Exercise: The task for the listing below is to write out exactly the lines starting at the one containing "SWANSON Daily B-complex 100kaps - Billede 6" and ending at the one containing "Zsolnay porcelain vase", both included. Pictures are to be omitted.

Supplied material:
== Segment start ==

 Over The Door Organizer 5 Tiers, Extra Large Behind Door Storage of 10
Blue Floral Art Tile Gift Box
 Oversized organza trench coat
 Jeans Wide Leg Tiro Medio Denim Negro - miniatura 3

== Segment end ==
== Segment start ==

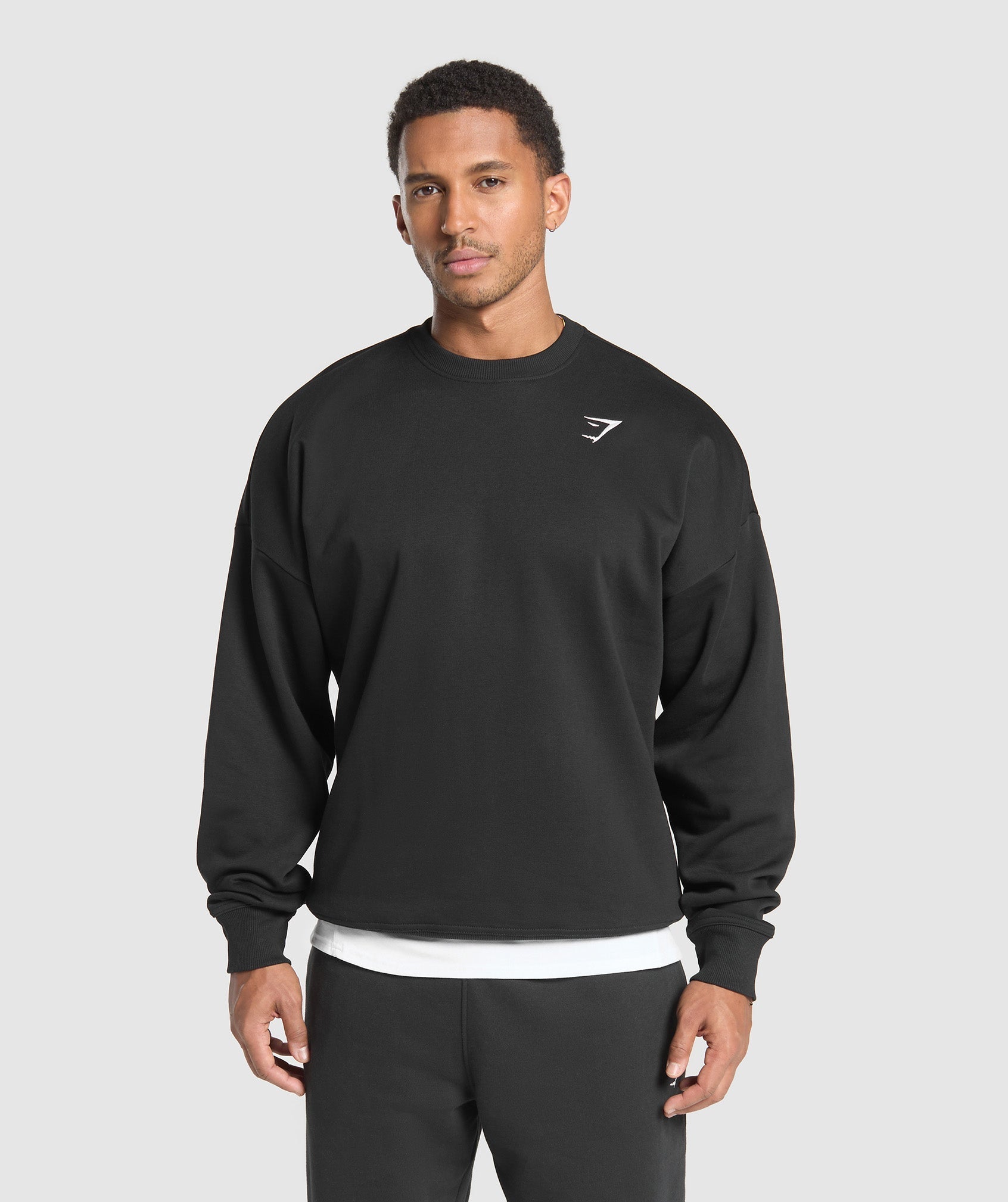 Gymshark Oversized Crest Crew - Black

== Segment end ==
== Segment start ==

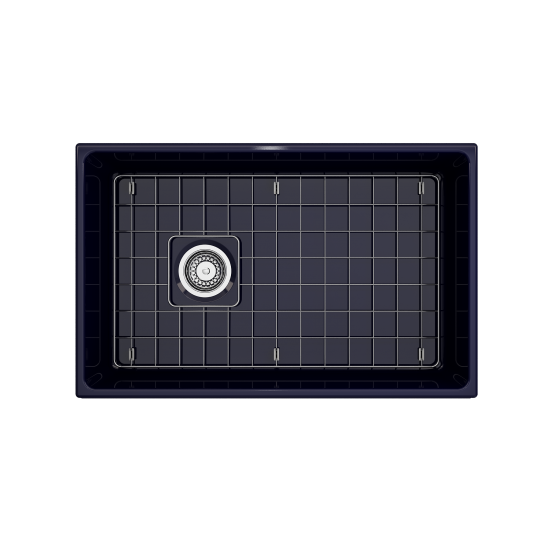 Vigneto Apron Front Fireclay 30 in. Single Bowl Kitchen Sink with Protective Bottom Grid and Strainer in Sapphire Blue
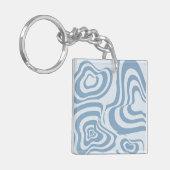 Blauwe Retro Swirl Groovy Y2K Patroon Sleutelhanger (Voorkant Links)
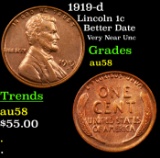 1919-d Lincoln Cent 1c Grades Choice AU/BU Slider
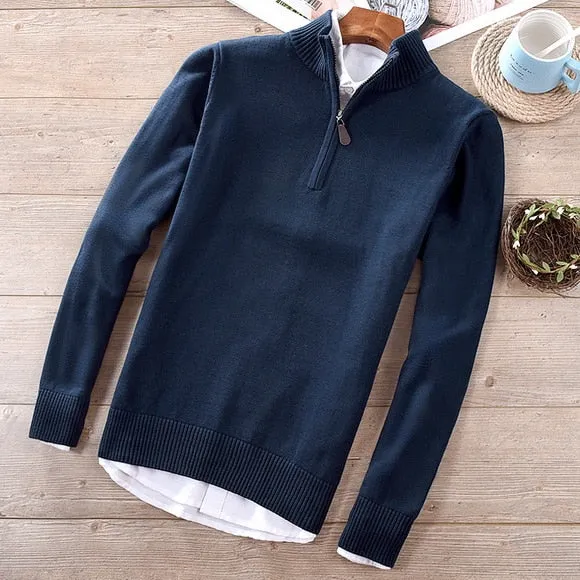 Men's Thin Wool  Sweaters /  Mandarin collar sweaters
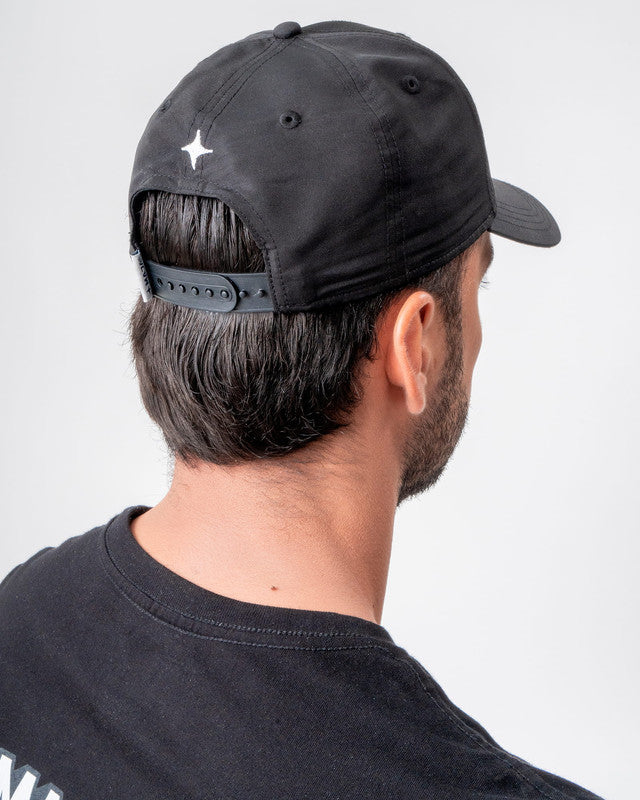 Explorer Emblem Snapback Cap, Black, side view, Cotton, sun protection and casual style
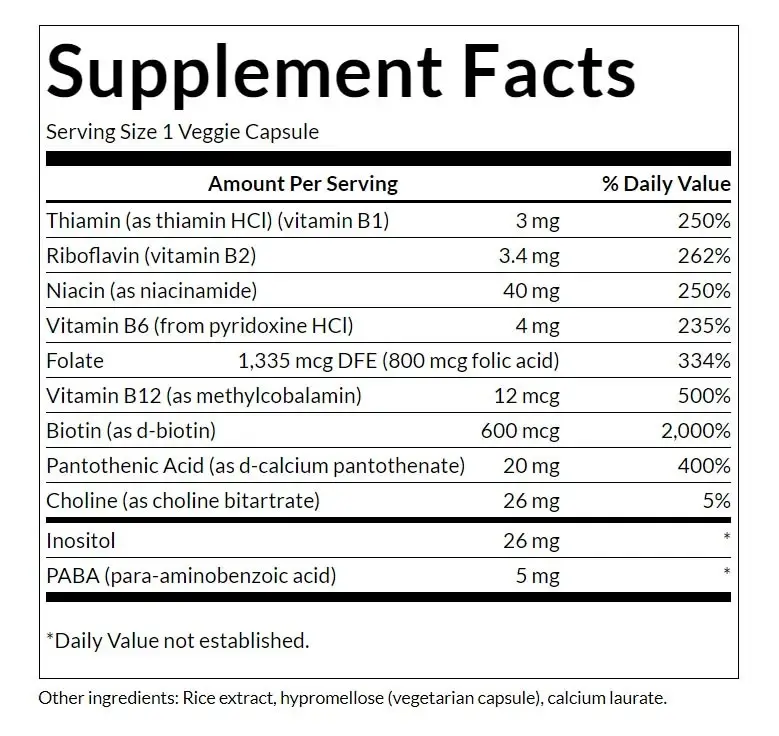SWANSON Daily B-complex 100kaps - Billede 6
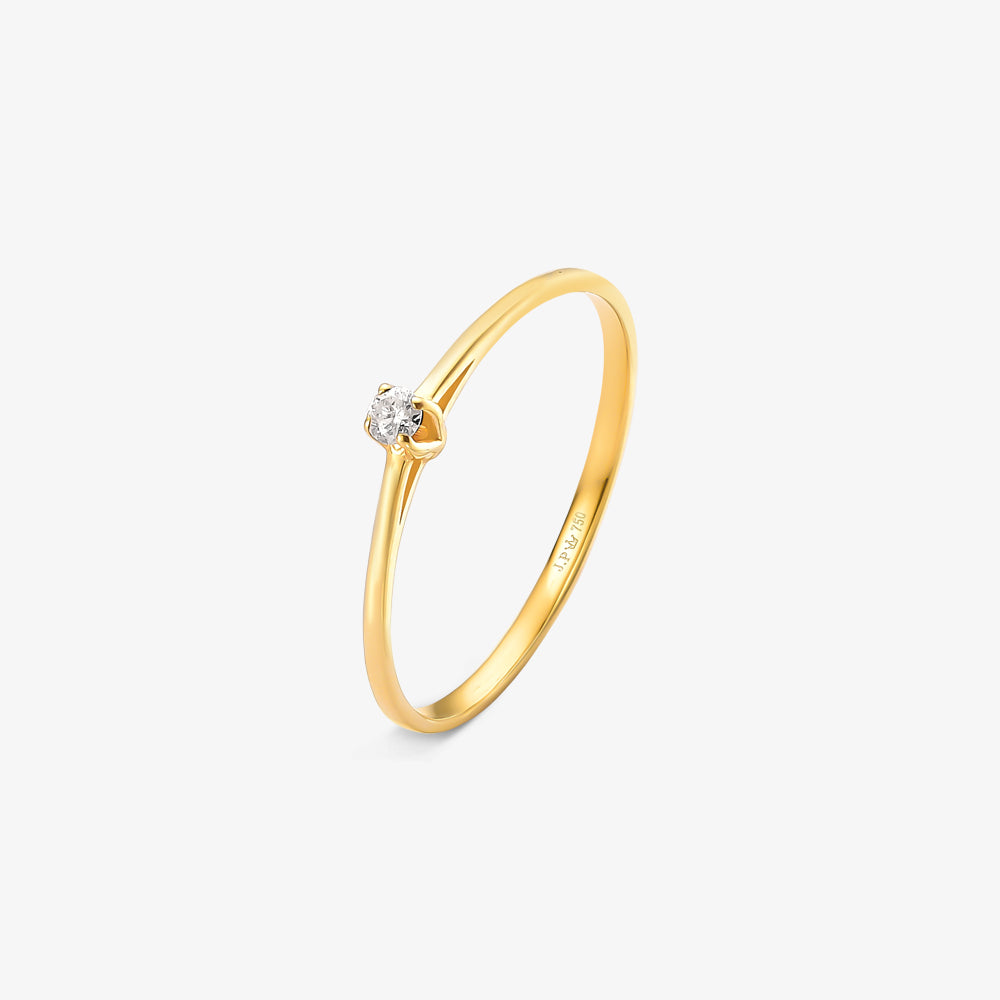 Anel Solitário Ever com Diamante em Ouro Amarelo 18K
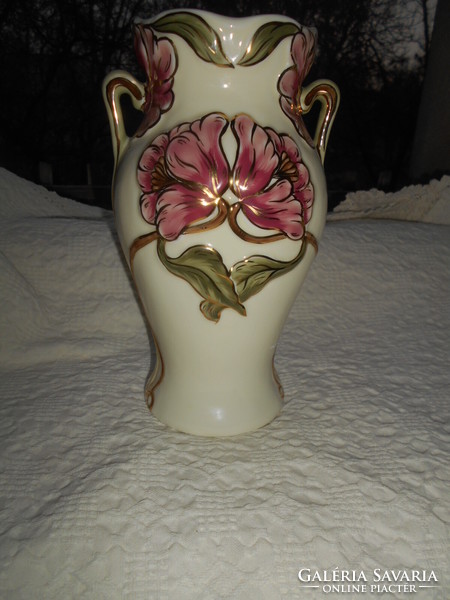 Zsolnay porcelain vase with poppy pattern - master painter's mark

== Segment end ==

Output:
SWANSON Daily B-complex 100kaps - Billede 6
 Anel Solitário Ever com Diamante em Ouro Amarelo 18K
 Zsolnay porcelain vase with poppy pattern - master painter's mark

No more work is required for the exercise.